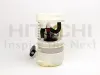 Kraftstoff-Fördereinheit HITACHI 2503522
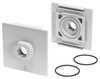 FESTO 552958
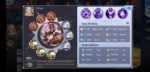 Screenshot_20191123-110028-1140x540.png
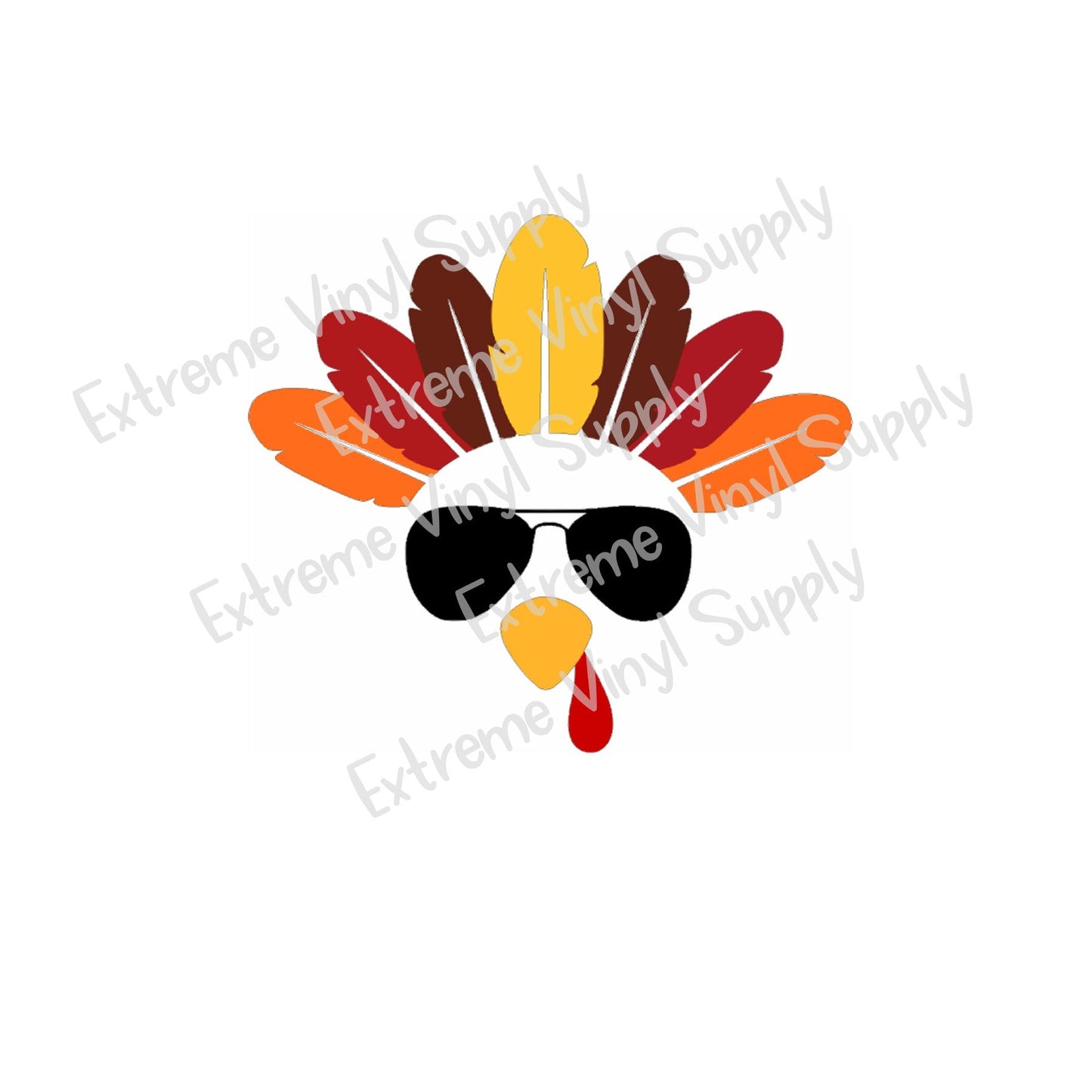 Thanksgiving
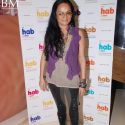 The Hab Store Launch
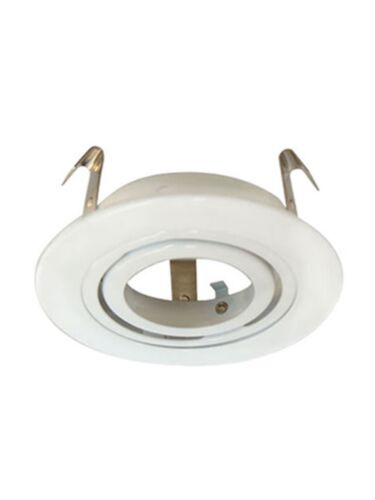 ortech_odt2-352g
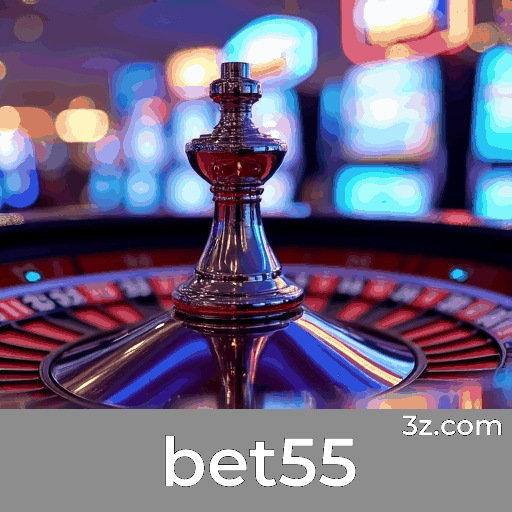 bet55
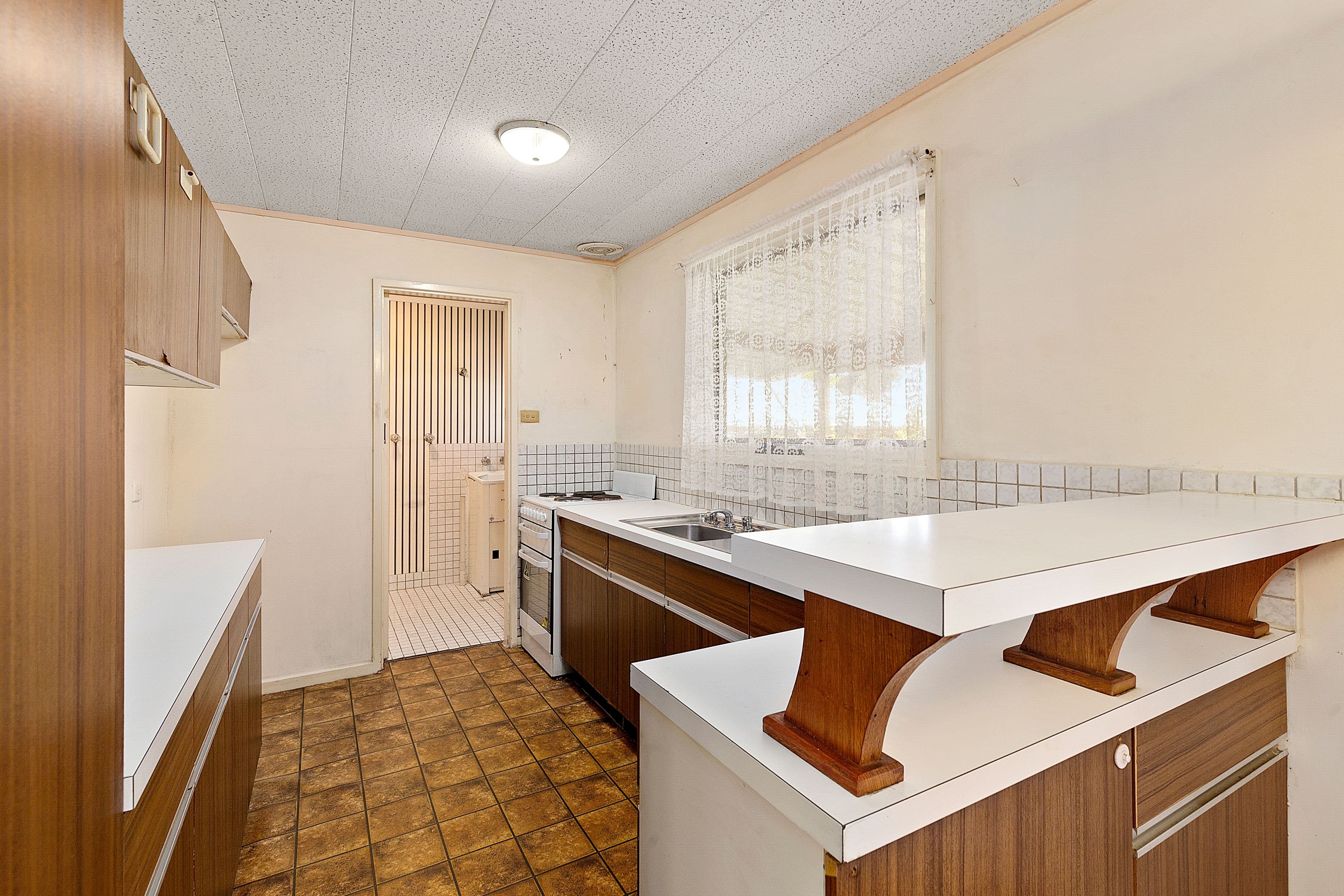66 Main South Road, Morphett Vale SA 5162, Morphett Vale - Thumbnail 7
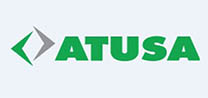 atusa fittings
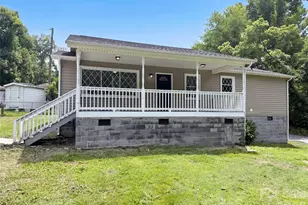 313 Black St, Cherryville, NC 28021 - Photo 12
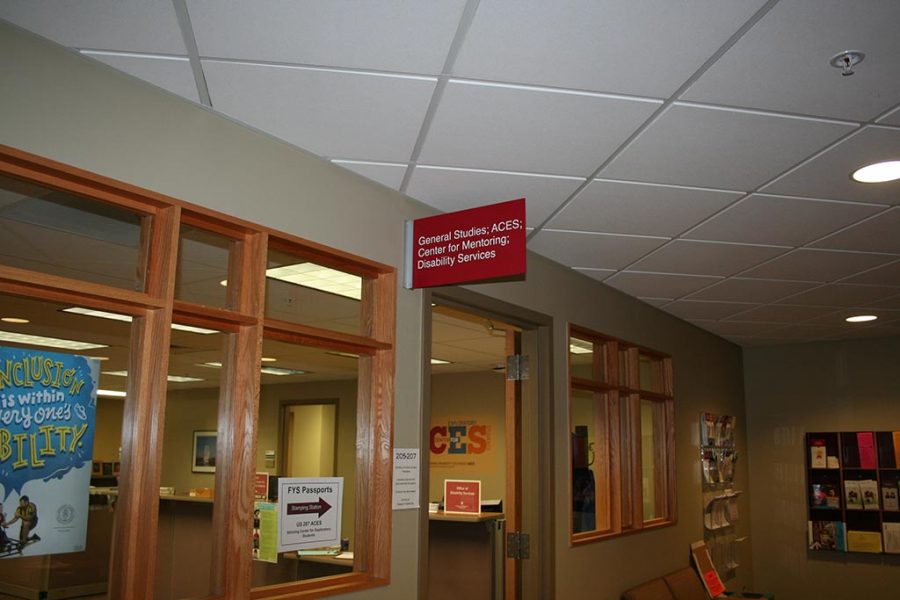 The+Office+of+Disability+Services%2C+Center+for+Mentoring%2C+and+ACES+in+UC+South+205%2C+welcome+any+students+who+need+assistance.+Schedule+an+appointment+with+Matthew+Springer+at+his+office+phone+number.+812-941-2243%0A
+ + + + +
Required work.
What you need to retype is every line from the one that has "313 Black St, Cherryville, NC" through the last line of the listing, both included, with the pictures left out.

Result of this task.
 313 Black St, Cherryville, NC 28021 - Photo 12
 The+Office+of+Disability+Services%2C+Center+for+Mentoring%2C+and+ACES+in+UC+South+205%2C+welcome+any+students+who+need+assistance.+Schedule+an+appointment+with+Matthew+Springer+at+his+office+phone+number.+812-941-2243%0A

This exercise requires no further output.